Records for this task ▸
★ ★ ★ ★

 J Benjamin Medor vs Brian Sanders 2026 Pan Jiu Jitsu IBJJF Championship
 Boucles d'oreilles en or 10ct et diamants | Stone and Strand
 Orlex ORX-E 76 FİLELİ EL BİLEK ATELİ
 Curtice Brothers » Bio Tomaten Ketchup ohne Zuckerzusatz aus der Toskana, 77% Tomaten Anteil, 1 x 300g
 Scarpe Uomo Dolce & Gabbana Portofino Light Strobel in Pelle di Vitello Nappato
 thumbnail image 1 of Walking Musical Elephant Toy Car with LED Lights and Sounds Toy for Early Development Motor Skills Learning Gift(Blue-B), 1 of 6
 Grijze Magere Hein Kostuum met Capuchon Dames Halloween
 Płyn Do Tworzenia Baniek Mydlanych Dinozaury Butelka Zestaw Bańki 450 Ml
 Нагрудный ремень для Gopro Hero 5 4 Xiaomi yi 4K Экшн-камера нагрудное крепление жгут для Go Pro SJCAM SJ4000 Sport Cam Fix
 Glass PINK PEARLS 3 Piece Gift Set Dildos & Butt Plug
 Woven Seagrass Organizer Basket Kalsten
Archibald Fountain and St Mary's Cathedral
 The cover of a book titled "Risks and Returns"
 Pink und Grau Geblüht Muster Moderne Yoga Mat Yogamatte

★ ★ ★ ★

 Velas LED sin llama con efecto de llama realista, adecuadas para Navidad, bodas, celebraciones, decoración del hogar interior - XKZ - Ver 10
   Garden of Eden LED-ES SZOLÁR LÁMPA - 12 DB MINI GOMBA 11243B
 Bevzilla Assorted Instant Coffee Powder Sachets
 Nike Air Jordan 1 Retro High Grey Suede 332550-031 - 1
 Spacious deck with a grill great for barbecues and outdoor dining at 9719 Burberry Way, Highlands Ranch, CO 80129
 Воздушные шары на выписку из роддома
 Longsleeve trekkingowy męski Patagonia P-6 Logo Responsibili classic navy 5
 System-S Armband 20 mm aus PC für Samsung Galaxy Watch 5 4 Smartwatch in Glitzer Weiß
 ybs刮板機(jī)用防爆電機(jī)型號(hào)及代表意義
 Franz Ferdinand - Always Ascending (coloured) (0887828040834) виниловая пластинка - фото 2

★ ★ ★ ★

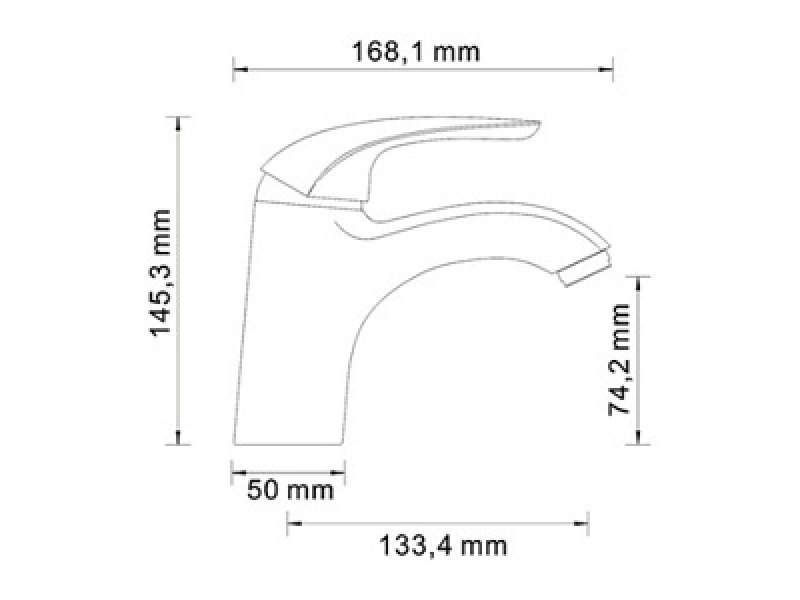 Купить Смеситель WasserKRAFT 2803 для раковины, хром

★ ★ ★ ★

Task to complete ▸ Look back at the entries above. Retype the line with "thumbnail image 1", the line with "Grijze Magere Hein", and all lines in between.

Result of this task ▸
 thumbnail image 1 of Walking Musical Elephant Toy Car with LED Lights and Sounds Toy for Early Development Motor Skills Learning Gift(Blue-B), 1 of 6
 Grijze Magere Hein Kostuum met Capuchon Dames Halloween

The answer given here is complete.